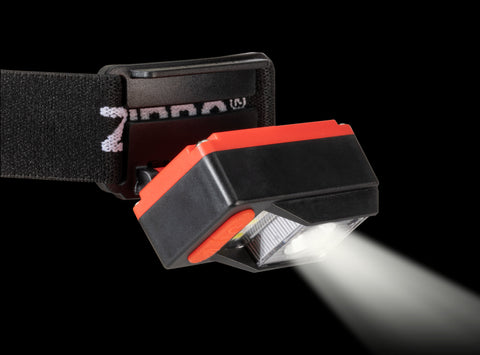 Shot of the Zippo Headlamp with the light and the headlamp angled down.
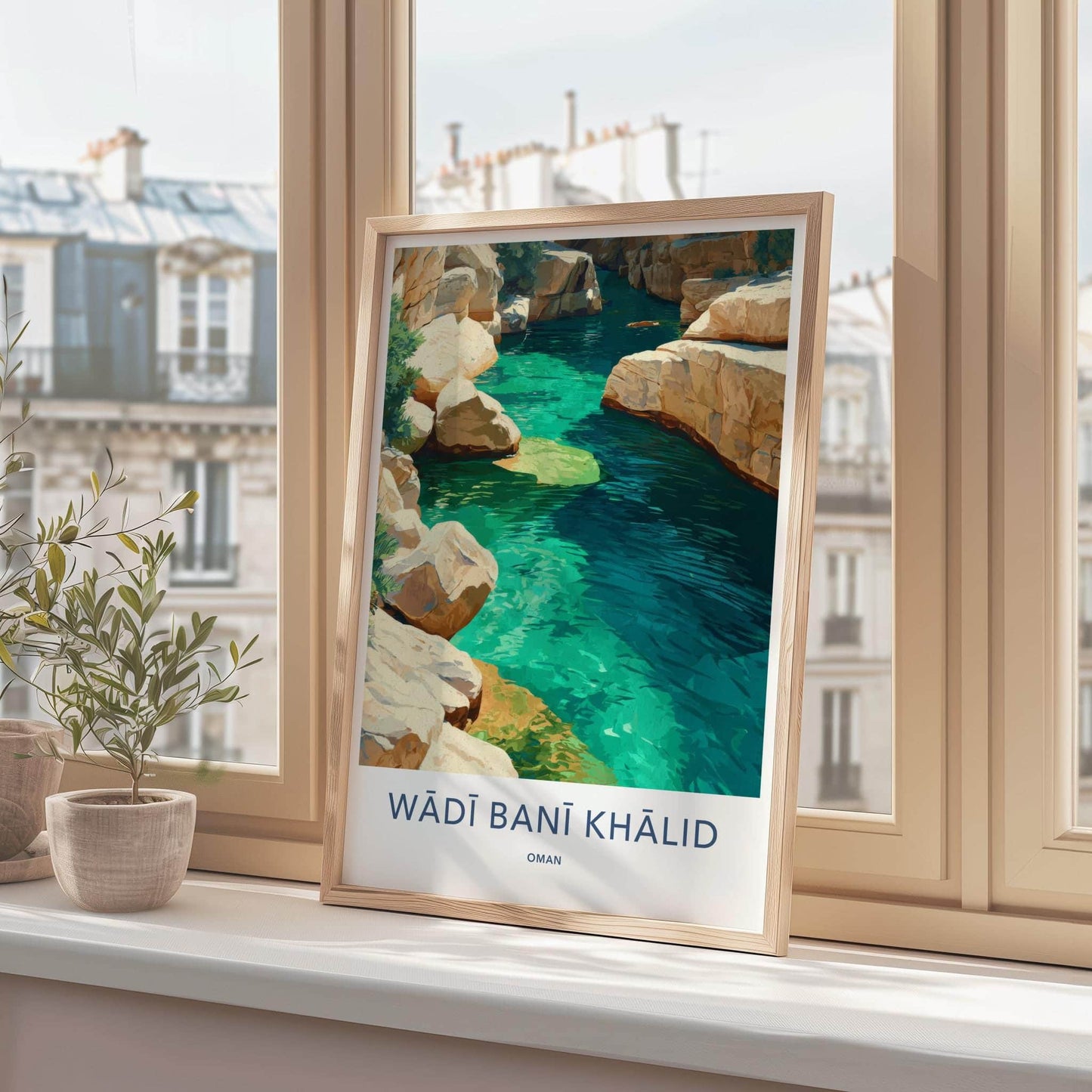 Wadi Bani Khalid Poster - Oman Travel Art - Turquoise Water Canyon Home Decor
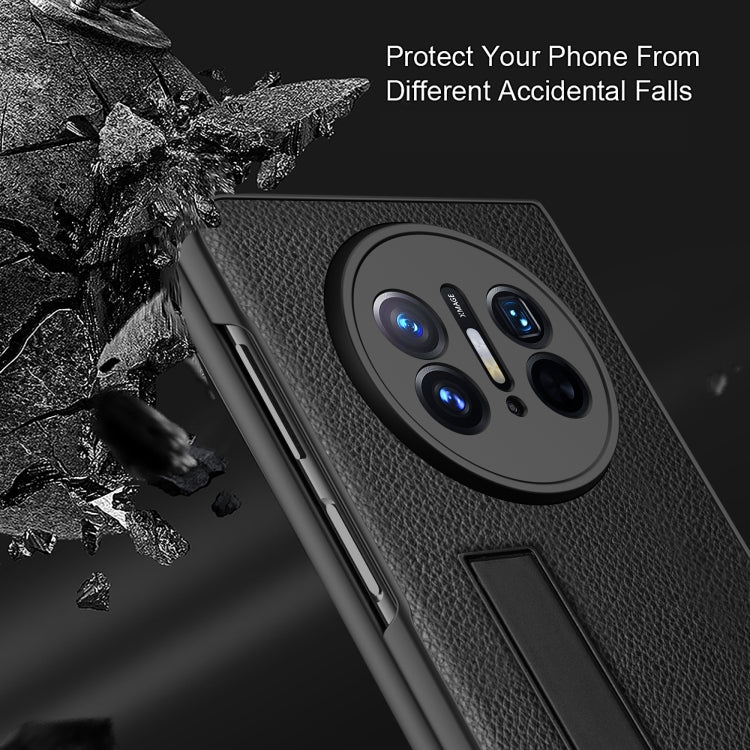 Black litchi-textured shockproof phone case with camera cutouts and holder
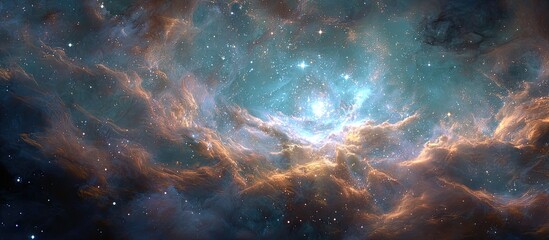 Fototapeta premium Celestial nebula with swirling orange and teal clouds, scattered stars, and a bright central core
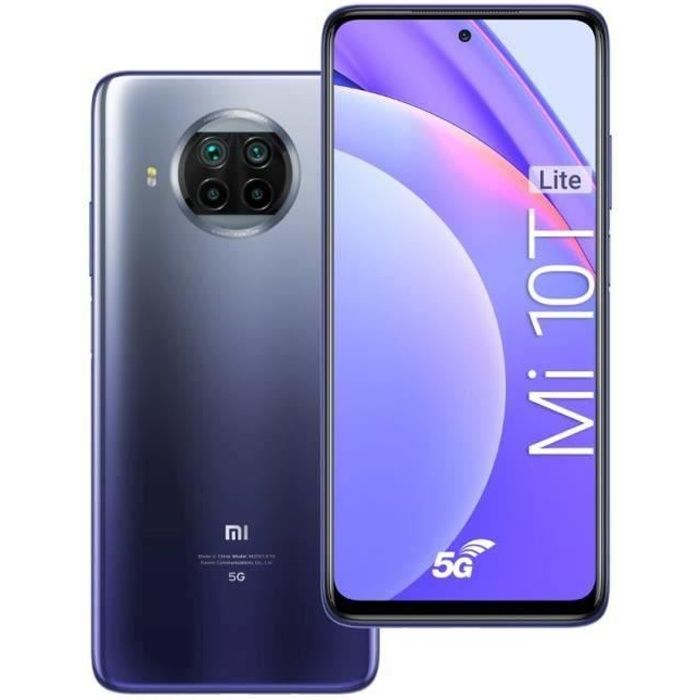 Smartphone XIAOMI Mi 10T Lite 5G 128Go Bleu - Écran FHD+ 667” - Quad caméra 64MP - Processeur Snapdragon 750G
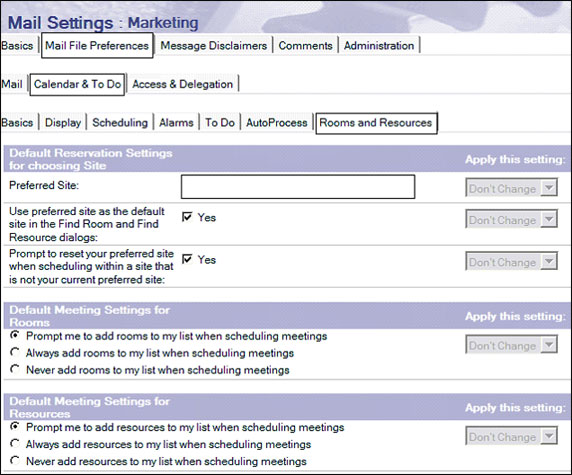 Mail File Preferences - Calendar & To Do - Rooms and Resources 子附签
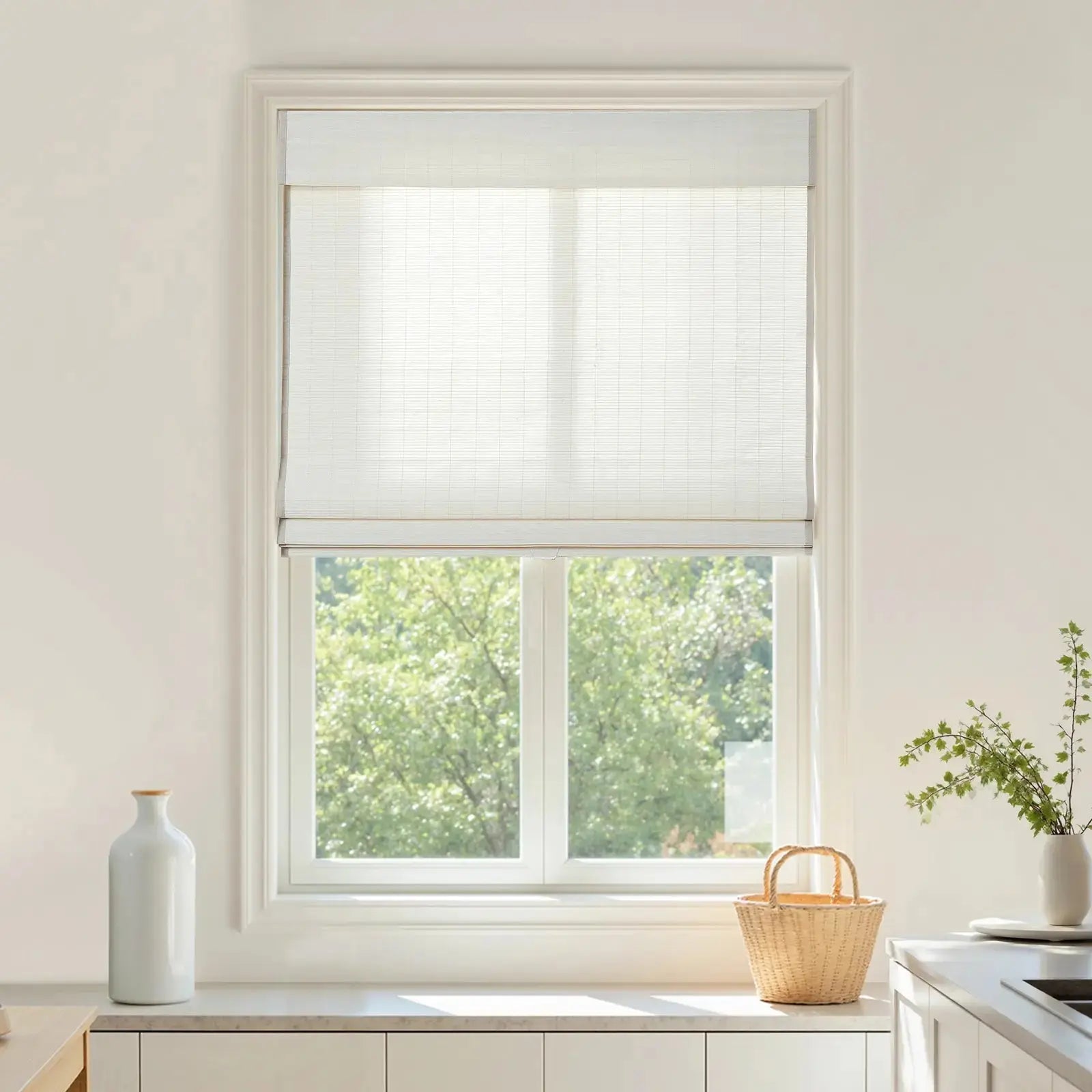 Natural Flax Bamboo Woven Window Shade - Eggshell White | Eco-Friendly Light Filtering Roman Shades for Living Room & Bedroom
================================
* TASK OBJECTIVE:
Skip every picture and return the lines above from the top through the one that contains "Mail File Preferences".

* TASK ANSWER:
 Shot of the Zippo Headlamp with the light and the headlamp angled down.
 Wadi Bani Khalid Poster - Oman Travel Art - Turquoise Water Canyon Home Decor
 Black litchi-textured shockproof phone case with camera cutouts and holder
 Fototapeta premium Celestial nebula with swirling orange and teal clouds, scattered stars, and a bright central core
 Smartphone XIAOMI Mi 10T Lite 5G 128Go Bleu - Écran FHD+ 667” - Quad caméra 64MP - Processeur Snapdragon 750G
 Mail File Preferences - Calendar & To Do - Rooms and Resources 子附签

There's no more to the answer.